Il gol del 2-0 potrebbe permettere a Mattia Bottani di ritrovare quella fiducia venuta meno la scorsa stagione, anche a causa dell'infortunio che lo aveva a lungo tenuto lontano dal campo... «Mi aiuterà a liberarmi dei cattivi pensieri avuti in questi mesi, dopo l'infortunio e la stagione non brillante dell'anno scorso. Potrò lavorare in maniera più serena per cercare di dare continuità alle mie prestazioni. Ma soprattutto, questi tre punti garantiranno alla squadra serenità e morale».

Rispetto all'anno scorso il Lugano ha cambiato poco, anzi pochissimo.
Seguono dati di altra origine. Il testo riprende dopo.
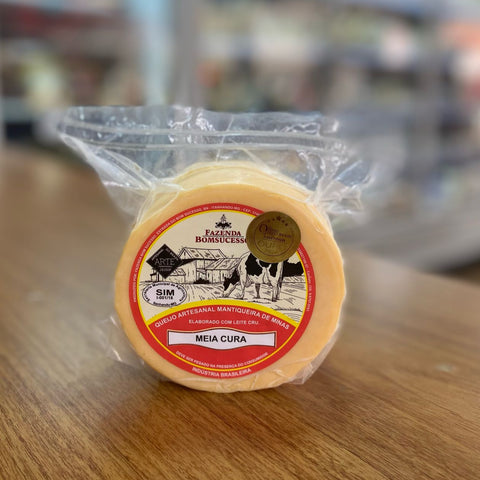 Queijo Meia Cura - Fazenda Bom Sucesso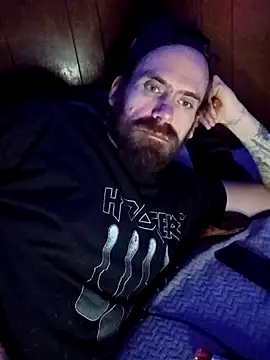 Snapshot of RobStrokes215 chatting on 12/22/25, 09:50 RobStrokes215 online show from 12/22/25, 09:50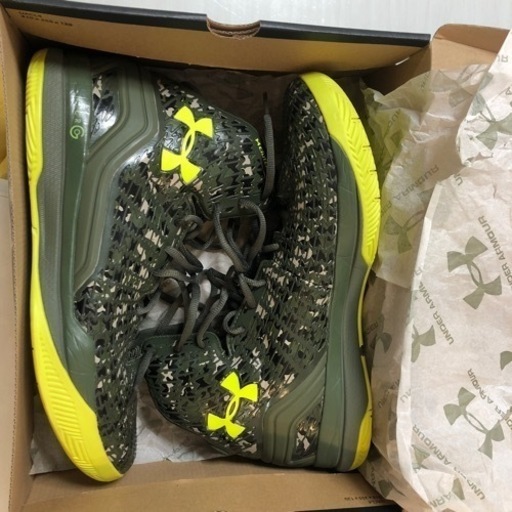 アンダーアーマークラッチフィットドライブ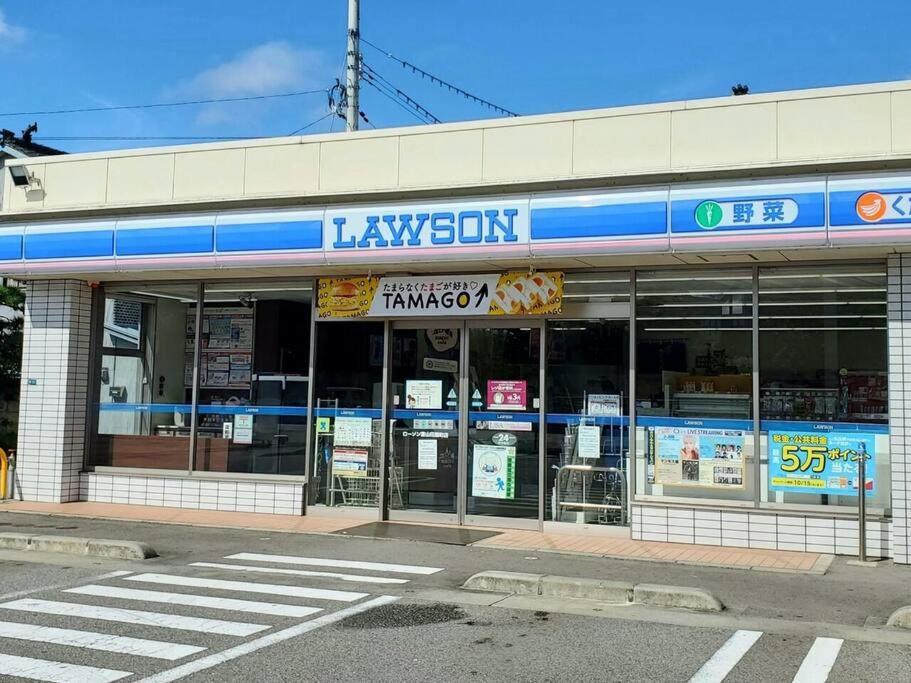 103号室花園町駅と萩之茶屋駅各2分ベット2台専用バスルーム付きアクセス抜群 *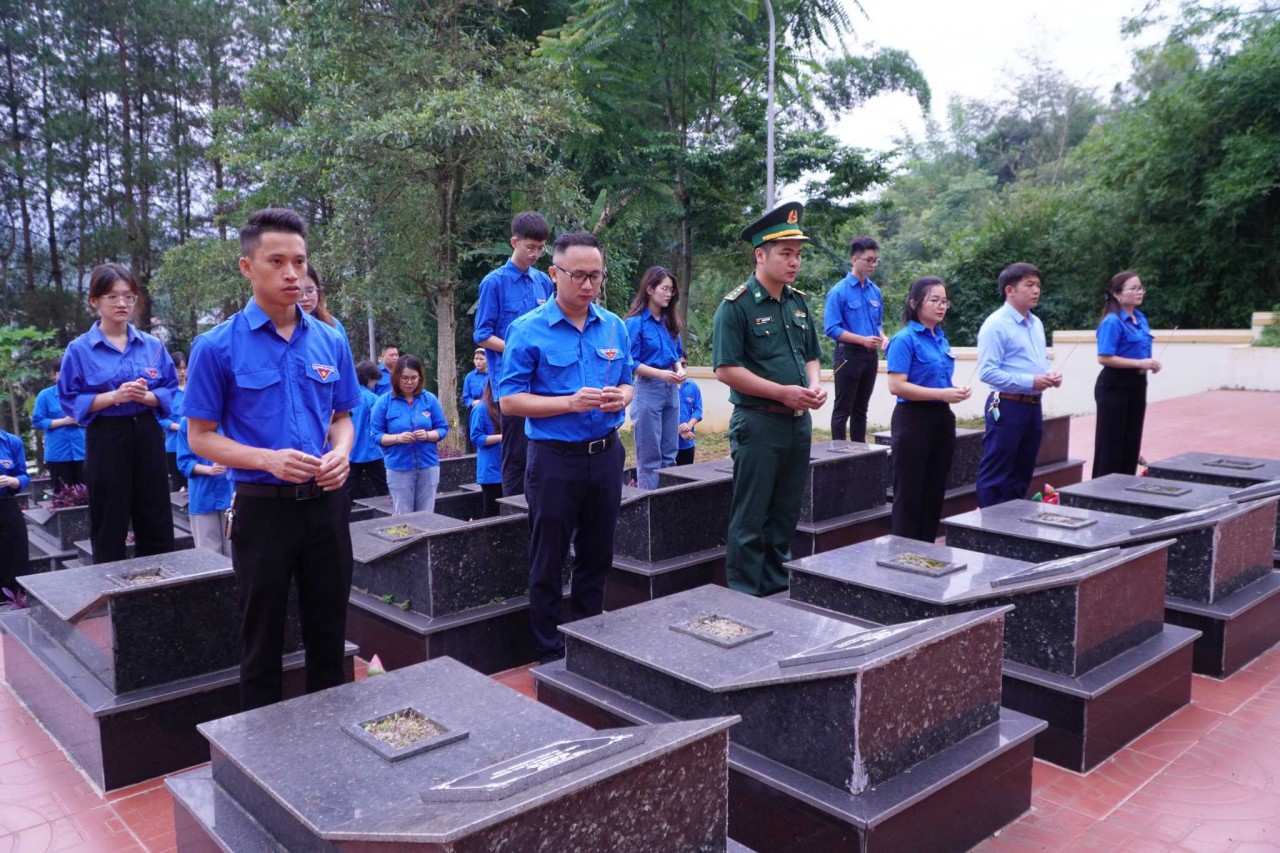 Chuyến đi 'Về nguồn-Mùa hè xanh 2023' với chủ đề 'Dấu chân Ngoại giao' Chuyến đi 'Về nguồn-Mùa hè xanh 2023' với chủ đề 'Dấu chân Ngoại giao'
E in campo si è visto sin dai primi minuti... «Non dimentichiamo – aggiunge Jacobacci – che sono comunque partiti diversi giocatori, da Yao a Aratore, da Yanga a Pavlovic, da Untersee a Jefferson, tutti uomini che non avevano giocato moltissimo, ma che avevano fornito il loro prezioso contributo. È altresì vero che la continuità è importante, fa sì che la squadra possa continuare a crescere partendo da una situazione di stabilità già acquisita. A volte siamo stati criticati per la mancanza di gioco o per l'eccessivo difensivismo, ma non bisogna pensare che a me non piaccia giocare in maniera offensiva: non dobbiamo però dimenticare che siamo qui in primo luogo per essere concreti e fare risultato. Il fatto che a volte rimaniamo un po' più bassi non significa che non si possa comunque far male all'avversario. I risultati danno serenità, tranquillità, rendono più piacevole il lavoro quotidiano».

Se è vero che chi ben comincia è a metà dell’opera, la stagione del Lugano si prospetta densa di soddisfazioni, soprattutto se i bianconeri sapranno chiudere in anticipo e senza affanni partite che per un’ora hanno chiaramente dominato.